*TASK DIRECTIONS*: Please return the full listing word for word, leaving out any pictures.
*** DATASET RECORDS
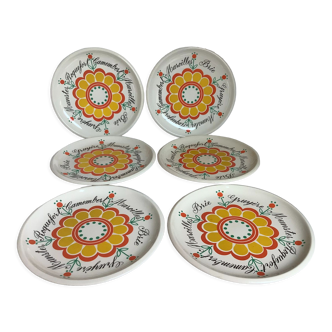 Six vintage floral cheese plates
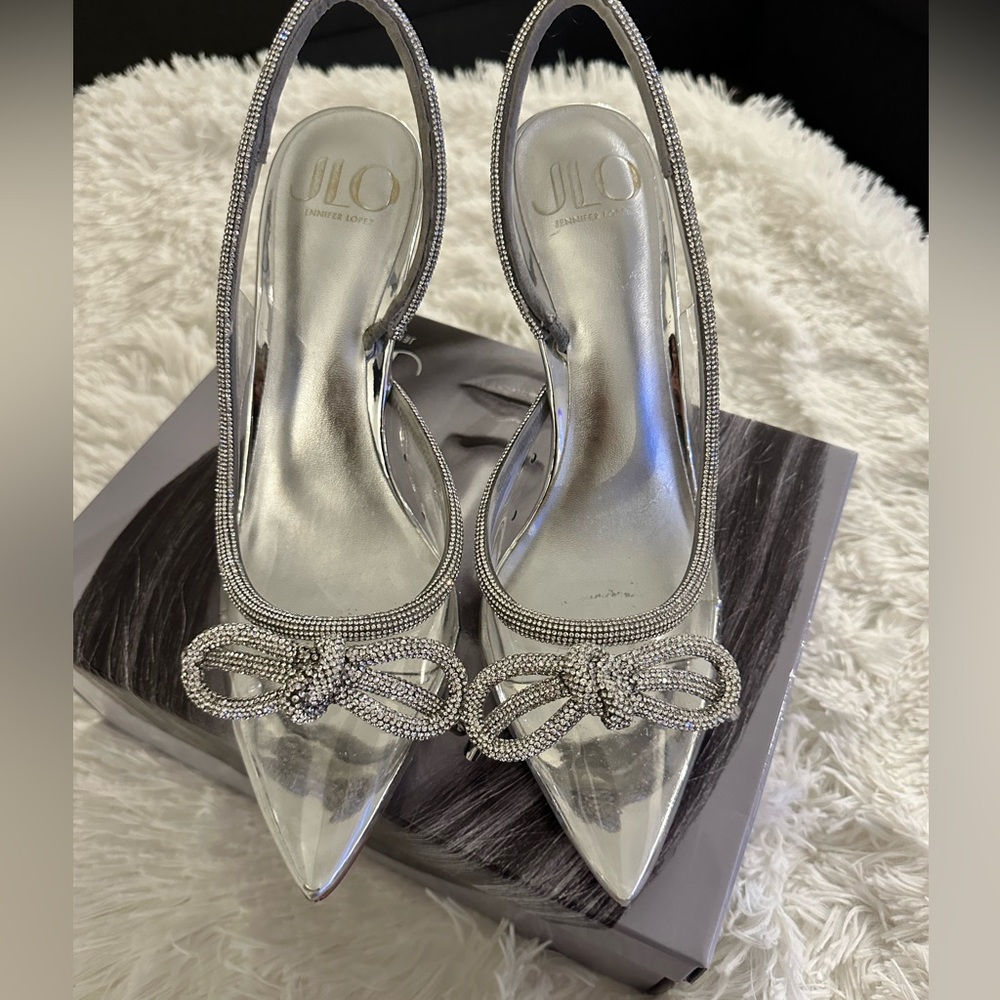 JLo clear with rhinestones pump size 9.5.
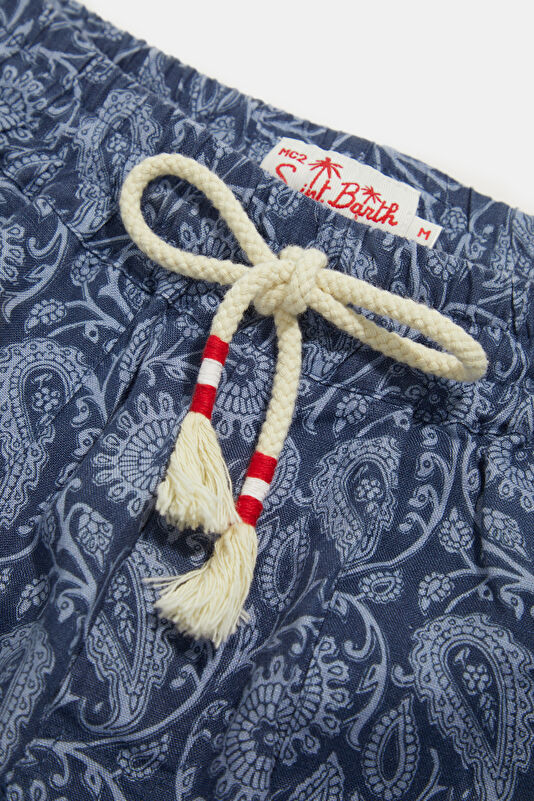 Calais Shawl Pattern Men's Navy Linen Trousers 3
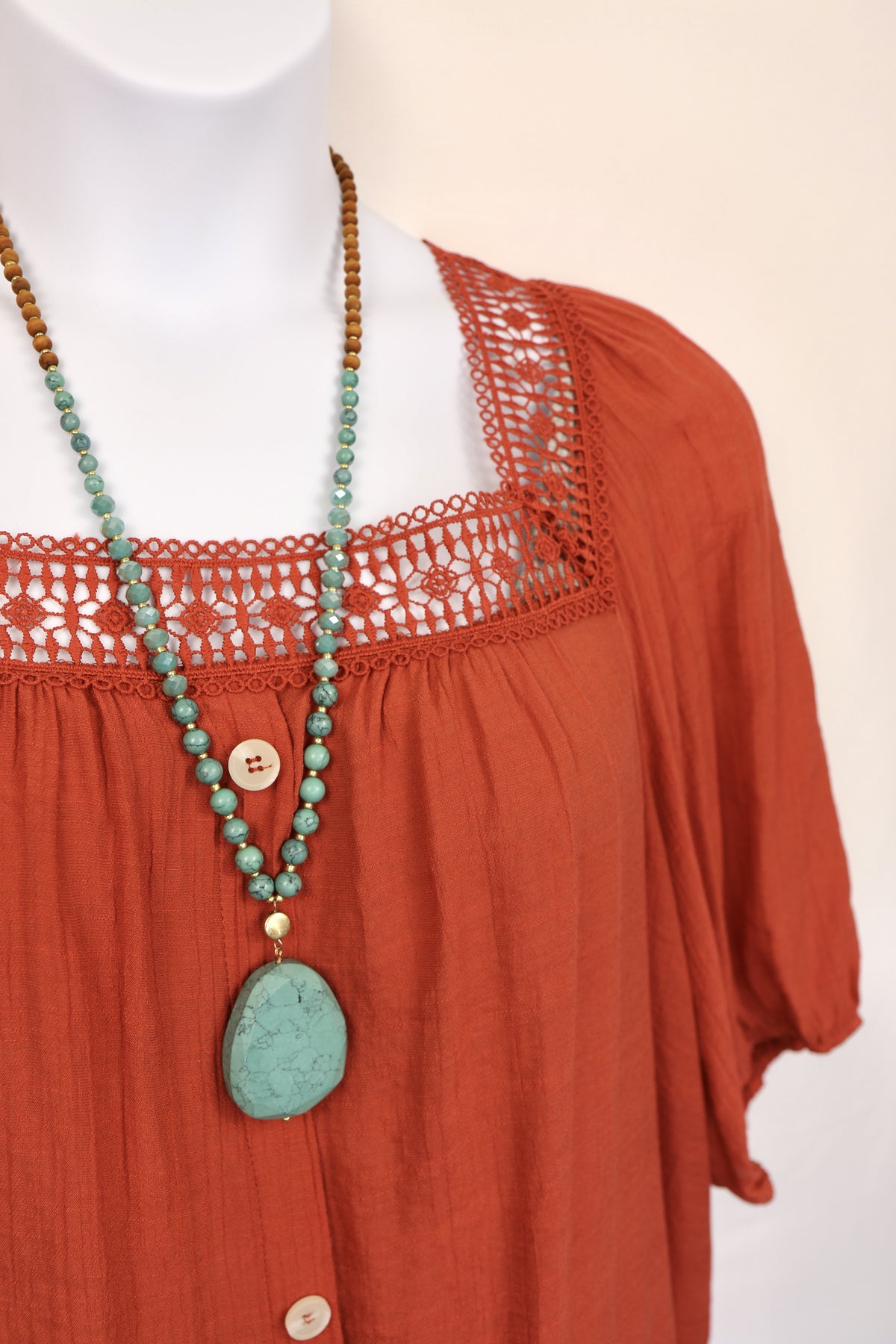 Rust Orange Square Neck Peasant Blouse
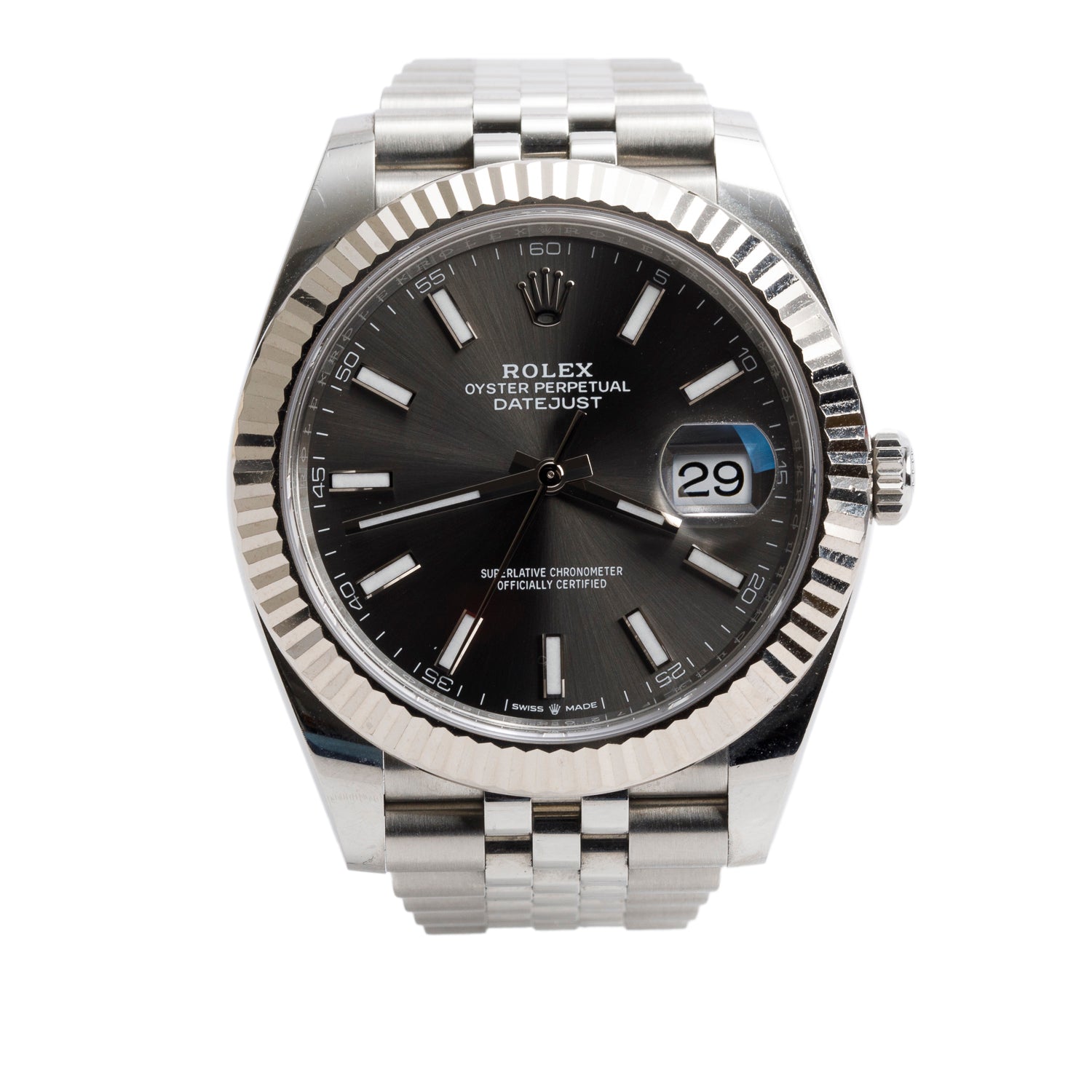 Rolex 2022 Stainless Steel Oyster Perpetual Datejust 41 MM Watch Grey Dial 126334 w/ Box & Papers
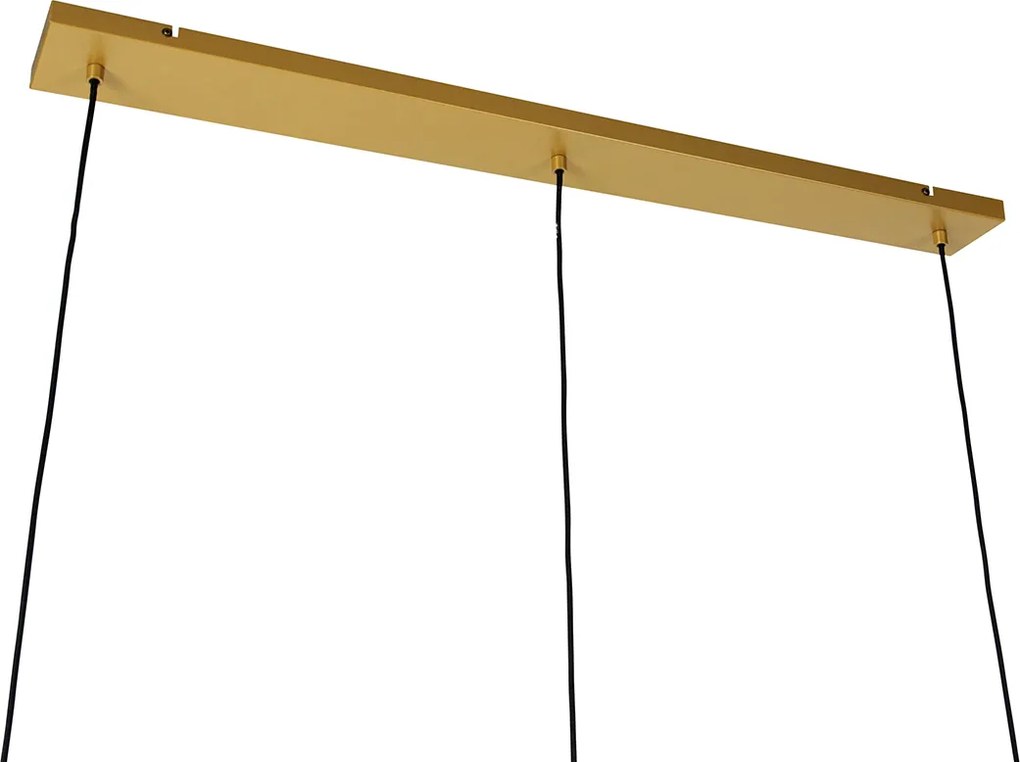 Lampa wisząca złota z bursztynowym szkłem 23 cm owalna 3-światłowa - Kevin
******
*ANSWER TO THIS EXERCISE*:
 Six vintage floral cheese plates
 JLo clear with rhinestones pump size 9.5.
 Calais Shawl Pattern Men's Navy Linen Trousers 3
 Rust Orange Square Neck Peasant Blouse
 Rolex 2022 Stainless Steel Oyster Perpetual Datejust 41 MM Watch Grey Dial 126334 w/ Box & Papers
 Lampa wisząca złota z bursztynowym szkłem 23 cm owalna 3-światłowa - Kevin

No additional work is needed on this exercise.